| Your goal |
Your answer should consist of the lines in the following data that contain "Floor".

[Records from a data collection]
[Start of Attachment]

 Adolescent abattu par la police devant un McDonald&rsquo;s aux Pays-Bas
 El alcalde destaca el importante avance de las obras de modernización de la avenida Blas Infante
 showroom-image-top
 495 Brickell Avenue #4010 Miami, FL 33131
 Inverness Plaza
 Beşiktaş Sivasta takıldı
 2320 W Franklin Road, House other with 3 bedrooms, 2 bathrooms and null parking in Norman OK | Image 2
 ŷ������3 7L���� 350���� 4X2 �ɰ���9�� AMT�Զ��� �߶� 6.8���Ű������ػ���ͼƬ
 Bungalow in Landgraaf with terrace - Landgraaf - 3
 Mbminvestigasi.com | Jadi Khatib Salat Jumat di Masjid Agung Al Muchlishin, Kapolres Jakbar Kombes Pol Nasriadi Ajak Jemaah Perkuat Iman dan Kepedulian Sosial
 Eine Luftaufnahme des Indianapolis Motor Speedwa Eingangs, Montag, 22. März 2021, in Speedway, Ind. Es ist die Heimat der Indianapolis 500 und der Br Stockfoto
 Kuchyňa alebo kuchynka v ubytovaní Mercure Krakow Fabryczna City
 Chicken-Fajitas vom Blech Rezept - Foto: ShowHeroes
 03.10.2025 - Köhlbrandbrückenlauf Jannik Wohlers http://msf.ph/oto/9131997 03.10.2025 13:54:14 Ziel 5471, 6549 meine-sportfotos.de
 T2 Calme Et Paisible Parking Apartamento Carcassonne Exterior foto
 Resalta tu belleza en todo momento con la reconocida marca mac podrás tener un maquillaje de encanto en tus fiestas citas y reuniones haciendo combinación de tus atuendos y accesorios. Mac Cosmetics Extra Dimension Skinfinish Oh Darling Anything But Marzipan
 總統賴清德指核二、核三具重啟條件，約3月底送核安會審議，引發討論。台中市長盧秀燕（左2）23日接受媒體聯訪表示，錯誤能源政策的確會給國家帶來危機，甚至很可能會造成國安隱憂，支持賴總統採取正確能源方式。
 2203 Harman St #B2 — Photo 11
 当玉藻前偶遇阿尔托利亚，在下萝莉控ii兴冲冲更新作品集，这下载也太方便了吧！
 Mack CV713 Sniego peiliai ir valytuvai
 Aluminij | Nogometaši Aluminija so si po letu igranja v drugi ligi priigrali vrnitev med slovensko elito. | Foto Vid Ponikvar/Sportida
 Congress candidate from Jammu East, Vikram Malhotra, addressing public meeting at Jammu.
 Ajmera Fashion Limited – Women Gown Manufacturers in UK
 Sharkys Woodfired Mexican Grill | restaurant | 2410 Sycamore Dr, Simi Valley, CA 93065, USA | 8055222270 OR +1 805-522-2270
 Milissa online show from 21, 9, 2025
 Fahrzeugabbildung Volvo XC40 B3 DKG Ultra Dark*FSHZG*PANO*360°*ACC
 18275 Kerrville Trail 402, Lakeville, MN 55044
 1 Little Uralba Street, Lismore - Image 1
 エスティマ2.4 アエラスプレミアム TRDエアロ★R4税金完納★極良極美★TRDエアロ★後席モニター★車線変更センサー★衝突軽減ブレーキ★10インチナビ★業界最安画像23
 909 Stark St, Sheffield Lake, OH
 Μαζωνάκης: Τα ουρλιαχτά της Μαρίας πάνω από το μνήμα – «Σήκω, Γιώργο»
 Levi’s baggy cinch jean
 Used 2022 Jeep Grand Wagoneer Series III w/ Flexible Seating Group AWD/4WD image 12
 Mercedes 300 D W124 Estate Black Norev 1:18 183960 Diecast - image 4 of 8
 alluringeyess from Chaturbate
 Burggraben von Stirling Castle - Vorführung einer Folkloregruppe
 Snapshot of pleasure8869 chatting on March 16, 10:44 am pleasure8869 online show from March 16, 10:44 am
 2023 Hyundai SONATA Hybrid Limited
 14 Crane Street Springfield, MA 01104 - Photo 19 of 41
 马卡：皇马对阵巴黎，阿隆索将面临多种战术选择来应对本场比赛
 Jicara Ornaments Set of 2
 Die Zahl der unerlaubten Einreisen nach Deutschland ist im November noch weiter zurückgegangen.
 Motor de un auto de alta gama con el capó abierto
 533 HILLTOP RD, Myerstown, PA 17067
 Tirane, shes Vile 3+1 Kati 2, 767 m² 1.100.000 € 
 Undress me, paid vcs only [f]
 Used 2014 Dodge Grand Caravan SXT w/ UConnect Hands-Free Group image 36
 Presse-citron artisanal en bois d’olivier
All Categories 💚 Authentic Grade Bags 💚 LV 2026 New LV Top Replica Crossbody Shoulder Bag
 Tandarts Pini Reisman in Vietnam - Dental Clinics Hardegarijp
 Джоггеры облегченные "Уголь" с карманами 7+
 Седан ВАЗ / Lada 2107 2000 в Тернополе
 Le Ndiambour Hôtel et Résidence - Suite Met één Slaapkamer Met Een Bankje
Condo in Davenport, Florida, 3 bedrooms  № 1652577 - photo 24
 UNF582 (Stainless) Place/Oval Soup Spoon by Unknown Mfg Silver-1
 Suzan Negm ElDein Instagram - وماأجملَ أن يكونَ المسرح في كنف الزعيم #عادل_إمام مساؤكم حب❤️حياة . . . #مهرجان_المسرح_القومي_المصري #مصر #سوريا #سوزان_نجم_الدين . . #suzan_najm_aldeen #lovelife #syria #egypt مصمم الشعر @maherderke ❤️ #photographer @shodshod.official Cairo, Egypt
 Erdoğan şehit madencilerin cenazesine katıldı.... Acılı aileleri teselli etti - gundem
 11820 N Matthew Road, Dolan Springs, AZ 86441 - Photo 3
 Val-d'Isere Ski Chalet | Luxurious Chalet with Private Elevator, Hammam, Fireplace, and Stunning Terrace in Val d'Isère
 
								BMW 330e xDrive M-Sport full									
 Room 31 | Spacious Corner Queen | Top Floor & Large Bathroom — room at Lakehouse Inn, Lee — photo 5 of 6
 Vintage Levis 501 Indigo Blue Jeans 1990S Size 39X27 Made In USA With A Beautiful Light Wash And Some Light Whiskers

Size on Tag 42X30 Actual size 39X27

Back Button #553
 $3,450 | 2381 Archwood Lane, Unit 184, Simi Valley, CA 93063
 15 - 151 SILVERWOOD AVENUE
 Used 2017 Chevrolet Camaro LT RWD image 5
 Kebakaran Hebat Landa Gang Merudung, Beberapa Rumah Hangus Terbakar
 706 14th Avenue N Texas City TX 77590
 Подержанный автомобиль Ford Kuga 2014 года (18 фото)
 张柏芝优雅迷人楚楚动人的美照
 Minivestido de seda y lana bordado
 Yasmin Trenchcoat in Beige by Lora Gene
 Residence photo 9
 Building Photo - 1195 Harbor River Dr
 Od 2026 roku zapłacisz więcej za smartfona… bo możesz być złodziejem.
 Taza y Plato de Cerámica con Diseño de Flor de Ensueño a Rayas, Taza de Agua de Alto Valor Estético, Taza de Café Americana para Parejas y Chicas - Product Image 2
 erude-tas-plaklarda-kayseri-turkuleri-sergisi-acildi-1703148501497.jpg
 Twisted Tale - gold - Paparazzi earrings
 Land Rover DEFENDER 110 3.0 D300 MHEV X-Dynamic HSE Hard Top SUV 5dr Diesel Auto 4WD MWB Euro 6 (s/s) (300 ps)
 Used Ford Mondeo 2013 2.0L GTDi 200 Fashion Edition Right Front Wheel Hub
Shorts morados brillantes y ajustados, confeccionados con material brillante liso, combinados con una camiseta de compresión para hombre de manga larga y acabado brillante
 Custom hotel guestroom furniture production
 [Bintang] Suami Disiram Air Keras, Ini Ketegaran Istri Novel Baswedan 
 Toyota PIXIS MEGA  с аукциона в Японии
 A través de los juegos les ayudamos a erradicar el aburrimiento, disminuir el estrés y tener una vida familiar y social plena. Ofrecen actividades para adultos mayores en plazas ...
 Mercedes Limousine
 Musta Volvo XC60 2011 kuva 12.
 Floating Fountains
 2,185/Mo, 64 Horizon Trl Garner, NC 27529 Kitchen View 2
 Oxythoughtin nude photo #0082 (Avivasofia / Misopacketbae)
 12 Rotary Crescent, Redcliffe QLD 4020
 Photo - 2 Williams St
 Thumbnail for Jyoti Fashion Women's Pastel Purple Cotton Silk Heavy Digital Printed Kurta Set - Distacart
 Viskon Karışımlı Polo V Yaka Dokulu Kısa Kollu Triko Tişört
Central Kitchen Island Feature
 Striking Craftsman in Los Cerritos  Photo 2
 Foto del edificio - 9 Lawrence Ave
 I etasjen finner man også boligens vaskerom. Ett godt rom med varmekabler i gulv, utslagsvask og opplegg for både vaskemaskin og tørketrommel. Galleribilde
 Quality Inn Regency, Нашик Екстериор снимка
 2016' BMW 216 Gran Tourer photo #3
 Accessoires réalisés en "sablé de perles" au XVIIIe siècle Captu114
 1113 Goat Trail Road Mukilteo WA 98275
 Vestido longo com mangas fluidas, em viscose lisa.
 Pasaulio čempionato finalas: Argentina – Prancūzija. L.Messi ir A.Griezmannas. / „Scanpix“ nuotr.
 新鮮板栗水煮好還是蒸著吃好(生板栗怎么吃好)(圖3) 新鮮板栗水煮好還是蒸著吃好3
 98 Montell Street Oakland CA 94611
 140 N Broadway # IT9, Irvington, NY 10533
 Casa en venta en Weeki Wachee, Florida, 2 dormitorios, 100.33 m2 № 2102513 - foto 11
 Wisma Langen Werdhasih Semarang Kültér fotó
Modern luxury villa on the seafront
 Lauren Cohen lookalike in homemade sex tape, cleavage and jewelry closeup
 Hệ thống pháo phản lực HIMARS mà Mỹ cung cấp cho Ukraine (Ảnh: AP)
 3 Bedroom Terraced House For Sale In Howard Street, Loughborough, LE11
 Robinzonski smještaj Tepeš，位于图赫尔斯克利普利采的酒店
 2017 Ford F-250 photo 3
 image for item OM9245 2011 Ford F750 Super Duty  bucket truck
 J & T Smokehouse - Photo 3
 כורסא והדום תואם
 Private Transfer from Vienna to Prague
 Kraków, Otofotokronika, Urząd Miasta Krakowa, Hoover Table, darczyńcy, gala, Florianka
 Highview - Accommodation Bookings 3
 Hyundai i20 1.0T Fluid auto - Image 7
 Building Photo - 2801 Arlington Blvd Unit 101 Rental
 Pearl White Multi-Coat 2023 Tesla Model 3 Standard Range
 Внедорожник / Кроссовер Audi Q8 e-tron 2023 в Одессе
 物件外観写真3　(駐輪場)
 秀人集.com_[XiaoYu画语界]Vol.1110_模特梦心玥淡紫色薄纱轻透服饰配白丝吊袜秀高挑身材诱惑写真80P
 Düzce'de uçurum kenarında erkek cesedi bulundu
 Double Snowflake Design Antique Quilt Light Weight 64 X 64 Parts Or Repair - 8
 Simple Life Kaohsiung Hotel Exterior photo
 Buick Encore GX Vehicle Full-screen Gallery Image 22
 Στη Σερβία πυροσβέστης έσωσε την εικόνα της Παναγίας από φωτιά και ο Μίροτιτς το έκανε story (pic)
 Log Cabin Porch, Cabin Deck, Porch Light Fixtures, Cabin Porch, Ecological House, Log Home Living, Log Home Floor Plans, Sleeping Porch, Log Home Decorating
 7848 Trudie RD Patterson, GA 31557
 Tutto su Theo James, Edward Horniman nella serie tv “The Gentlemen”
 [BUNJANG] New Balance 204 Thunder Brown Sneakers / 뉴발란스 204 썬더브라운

[End of Attachment]

| Result of the task |
 Room 31 | Spacious Corner Queen | Top Floor & Large Bathroom — room at Lakehouse Inn, Lee — photo 5 of 6
 Log Cabin Porch, Cabin Deck, Porch Light Fixtures, Cabin Porch, Ecological House, Log Home Living, Log Home Floor Plans, Sleeping Porch, Log Home Decorating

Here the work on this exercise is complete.